Enhanced Renewable Energy Forecasting using Context-Aware Conformal Prediction (arxiv.org)

arXiv:2510.15780v2 Announce Type: replace-cross
Abstract: Artificial intelligence (AI) is increasingly used to support renewable energy forecasting and grid operations. As renewable penetration grows, reliable probabilistic forecasting is becoming essential for managing uncertainty and supporting risk-aware operational decision-making.

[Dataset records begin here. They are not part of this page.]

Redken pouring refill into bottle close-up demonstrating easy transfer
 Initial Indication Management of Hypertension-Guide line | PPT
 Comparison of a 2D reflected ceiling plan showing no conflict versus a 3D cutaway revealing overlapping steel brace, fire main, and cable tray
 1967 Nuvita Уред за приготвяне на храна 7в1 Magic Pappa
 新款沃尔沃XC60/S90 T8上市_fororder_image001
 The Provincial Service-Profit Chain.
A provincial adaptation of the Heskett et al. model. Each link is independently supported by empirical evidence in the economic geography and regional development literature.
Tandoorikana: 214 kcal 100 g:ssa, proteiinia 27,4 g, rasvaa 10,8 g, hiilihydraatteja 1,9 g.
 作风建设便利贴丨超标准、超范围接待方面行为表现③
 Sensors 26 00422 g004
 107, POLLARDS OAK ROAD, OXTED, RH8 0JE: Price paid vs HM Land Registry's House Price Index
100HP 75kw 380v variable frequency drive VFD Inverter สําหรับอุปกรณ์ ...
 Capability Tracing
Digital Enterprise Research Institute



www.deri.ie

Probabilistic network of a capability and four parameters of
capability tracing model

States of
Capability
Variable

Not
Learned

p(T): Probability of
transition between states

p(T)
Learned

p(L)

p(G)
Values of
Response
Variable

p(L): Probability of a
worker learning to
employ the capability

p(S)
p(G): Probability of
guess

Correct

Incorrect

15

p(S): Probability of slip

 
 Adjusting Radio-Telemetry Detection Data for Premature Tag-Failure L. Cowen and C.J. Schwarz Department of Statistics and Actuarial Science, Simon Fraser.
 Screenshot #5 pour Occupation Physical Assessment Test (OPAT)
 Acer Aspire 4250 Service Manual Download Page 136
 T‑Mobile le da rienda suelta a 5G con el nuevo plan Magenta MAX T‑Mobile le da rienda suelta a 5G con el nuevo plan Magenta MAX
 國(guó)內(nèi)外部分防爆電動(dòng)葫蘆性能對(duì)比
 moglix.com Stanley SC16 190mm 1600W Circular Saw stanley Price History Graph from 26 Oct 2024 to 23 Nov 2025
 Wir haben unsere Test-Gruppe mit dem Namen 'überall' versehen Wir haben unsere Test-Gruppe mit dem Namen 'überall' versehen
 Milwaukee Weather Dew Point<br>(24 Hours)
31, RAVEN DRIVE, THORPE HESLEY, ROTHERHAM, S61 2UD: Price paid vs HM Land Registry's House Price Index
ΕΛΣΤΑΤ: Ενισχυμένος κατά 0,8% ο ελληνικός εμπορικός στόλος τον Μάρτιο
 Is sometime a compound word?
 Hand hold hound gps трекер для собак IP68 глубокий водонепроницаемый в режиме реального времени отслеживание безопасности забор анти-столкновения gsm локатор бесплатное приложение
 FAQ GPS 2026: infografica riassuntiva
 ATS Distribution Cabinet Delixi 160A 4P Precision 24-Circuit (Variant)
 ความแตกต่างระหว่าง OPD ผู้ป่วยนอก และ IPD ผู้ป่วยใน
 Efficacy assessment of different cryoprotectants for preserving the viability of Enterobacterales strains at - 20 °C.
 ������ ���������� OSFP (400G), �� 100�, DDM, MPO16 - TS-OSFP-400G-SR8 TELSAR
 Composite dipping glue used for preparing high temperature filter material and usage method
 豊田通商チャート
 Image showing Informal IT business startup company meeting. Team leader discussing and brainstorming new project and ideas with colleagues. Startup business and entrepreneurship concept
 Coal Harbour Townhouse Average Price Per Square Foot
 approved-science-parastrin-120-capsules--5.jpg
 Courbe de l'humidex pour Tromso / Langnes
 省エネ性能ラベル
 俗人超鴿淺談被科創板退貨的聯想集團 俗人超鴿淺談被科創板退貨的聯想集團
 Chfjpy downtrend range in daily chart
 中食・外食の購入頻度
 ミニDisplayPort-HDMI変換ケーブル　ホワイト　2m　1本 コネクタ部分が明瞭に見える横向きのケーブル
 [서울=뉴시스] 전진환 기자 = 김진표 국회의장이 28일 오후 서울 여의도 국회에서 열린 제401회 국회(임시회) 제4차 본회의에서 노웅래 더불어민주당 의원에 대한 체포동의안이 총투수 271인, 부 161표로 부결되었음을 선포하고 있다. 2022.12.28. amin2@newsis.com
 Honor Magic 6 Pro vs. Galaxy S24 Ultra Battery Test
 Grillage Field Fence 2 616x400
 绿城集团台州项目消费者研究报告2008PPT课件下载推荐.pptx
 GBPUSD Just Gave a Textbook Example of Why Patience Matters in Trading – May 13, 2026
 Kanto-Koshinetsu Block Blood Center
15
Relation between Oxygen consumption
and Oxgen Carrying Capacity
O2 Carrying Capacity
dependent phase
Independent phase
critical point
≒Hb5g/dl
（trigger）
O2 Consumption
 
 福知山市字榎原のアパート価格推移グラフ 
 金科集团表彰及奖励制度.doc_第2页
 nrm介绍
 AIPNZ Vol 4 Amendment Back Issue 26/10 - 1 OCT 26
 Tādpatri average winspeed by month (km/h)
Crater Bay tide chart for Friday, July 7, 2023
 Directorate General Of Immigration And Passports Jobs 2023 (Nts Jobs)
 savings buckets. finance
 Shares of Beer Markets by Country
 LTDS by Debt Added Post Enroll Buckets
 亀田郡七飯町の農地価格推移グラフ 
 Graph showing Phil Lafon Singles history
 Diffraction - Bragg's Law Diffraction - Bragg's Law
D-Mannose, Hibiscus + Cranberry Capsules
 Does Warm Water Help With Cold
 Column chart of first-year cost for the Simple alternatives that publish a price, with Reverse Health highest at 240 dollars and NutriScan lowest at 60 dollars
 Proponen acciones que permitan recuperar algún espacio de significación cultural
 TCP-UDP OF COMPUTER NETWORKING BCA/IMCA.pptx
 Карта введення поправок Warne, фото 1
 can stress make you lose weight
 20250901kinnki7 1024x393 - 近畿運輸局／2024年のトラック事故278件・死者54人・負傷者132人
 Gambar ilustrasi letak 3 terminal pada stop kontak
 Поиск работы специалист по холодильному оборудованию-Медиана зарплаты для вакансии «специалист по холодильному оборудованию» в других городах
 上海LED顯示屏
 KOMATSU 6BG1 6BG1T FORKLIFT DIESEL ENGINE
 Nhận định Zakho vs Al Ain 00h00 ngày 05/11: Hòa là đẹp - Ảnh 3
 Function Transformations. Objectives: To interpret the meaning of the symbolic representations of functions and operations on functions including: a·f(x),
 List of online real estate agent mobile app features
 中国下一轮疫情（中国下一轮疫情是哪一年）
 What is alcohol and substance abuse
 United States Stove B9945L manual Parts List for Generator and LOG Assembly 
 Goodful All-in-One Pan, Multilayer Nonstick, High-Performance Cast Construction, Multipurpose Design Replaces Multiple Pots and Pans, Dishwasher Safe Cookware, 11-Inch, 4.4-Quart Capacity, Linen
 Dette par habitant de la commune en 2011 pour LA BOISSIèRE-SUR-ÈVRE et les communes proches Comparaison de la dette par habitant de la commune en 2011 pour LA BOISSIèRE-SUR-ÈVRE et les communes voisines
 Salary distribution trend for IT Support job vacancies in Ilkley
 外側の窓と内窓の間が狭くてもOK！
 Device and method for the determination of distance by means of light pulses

However, these forecasts often suffer from miscalibration due to temporal variability, changing weather conditions, and heterogeneous operating regimes. In many real-world settings, renewable energy forecasts are provided by external sources, vendors, or independently trained systems, making retraining infeasible because of limited model access or computational constraints. This creates a need for efficient and model-agnostic methods that can improve forecast reliability after they are produced. This paper presents Context-Aware Conformal Prediction (CACP), a framework for calibrating renewable energy forecasts. The proposed method relies on a weighting mechanism during the calibration procedure which assigns higher weights to historical observations that are more similar to the target forecasting condition. This enables adaptive prediction intervals that reflect local uncertainty regimes without requiring access to, or retraining of, the underlying forecasting model. Experiments are performed on a large-scale dataset from National Renewable Energy Laboratory (NREL) day-ahead solar forecasting, covering multiple systems including MISO, ERCTO, and SPP. The results show that CACP improves the reliability-efficiency tradeoff at both site and system levels compared to NREL's base forecasting model and the other conformal prediction baselines. These results suggest that CACP can serve as a practical reliability-enhancement layer for trustworthy AI-enabled renewable energy forecasting and operational decision support.